→ What to do: Output a character-exact copy of the data, images removed.

→ Recorded data:
_ _ _ _ _

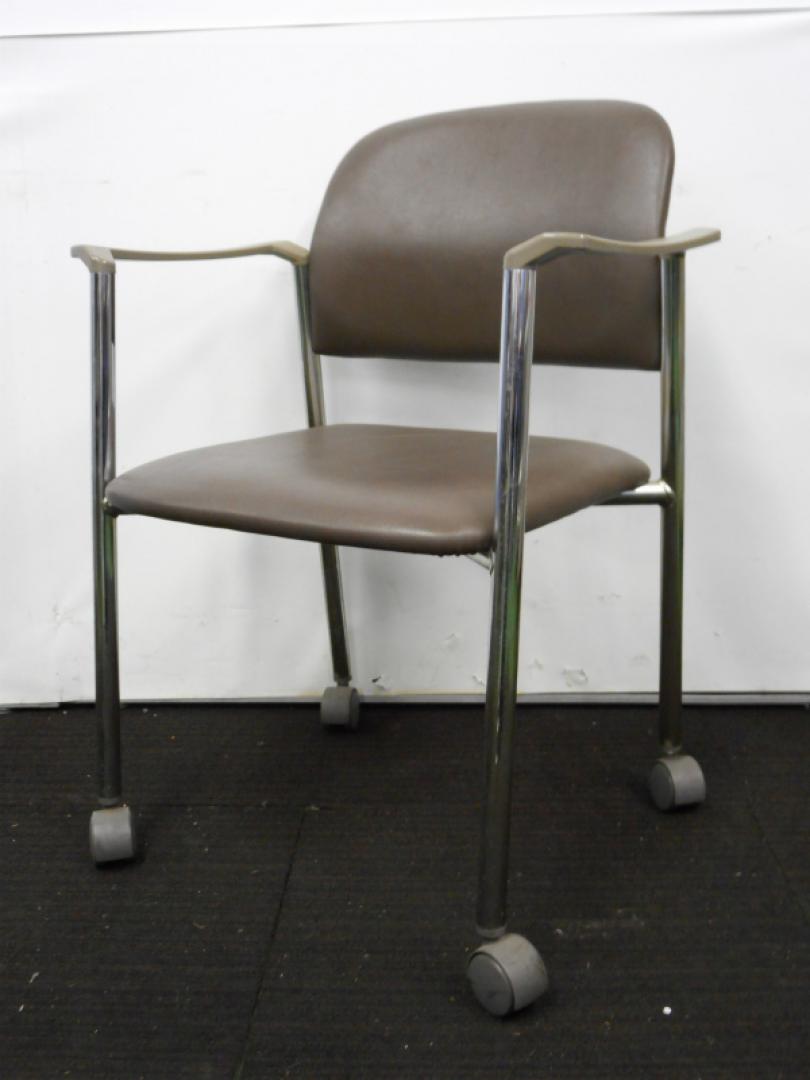 【4脚入荷！】岡村製作所　肘付きスタッキングチェア　キャスター付き　フェイクレザー　ブラウン　会議用チェア　ミーティングチェア　在庫入れ替えのため特価処分！
                        パイプチェア8108
                                    中古
            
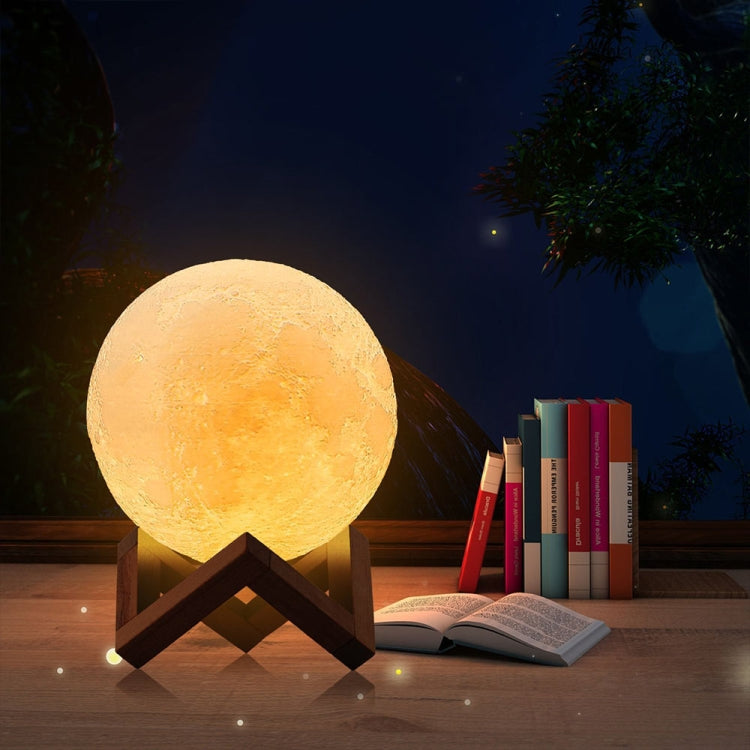 Luce notturna LED dimmerabile a 16 colori con ricarica USB con telecomando e supporto in legno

_ _ _ _ _

→ Output for this task:
 【4脚入荷！】岡村製作所　肘付きスタッキングチェア　キャスター付き　フェイクレザー　ブラウン　会議用チェア　ミーティングチェア　在庫入れ替えのため特価処分！
                        パイプチェア8108
                                    中古
            
 Luce notturna LED dimmerabile a 16 colori con ricarica USB con telecomando e supporto in legno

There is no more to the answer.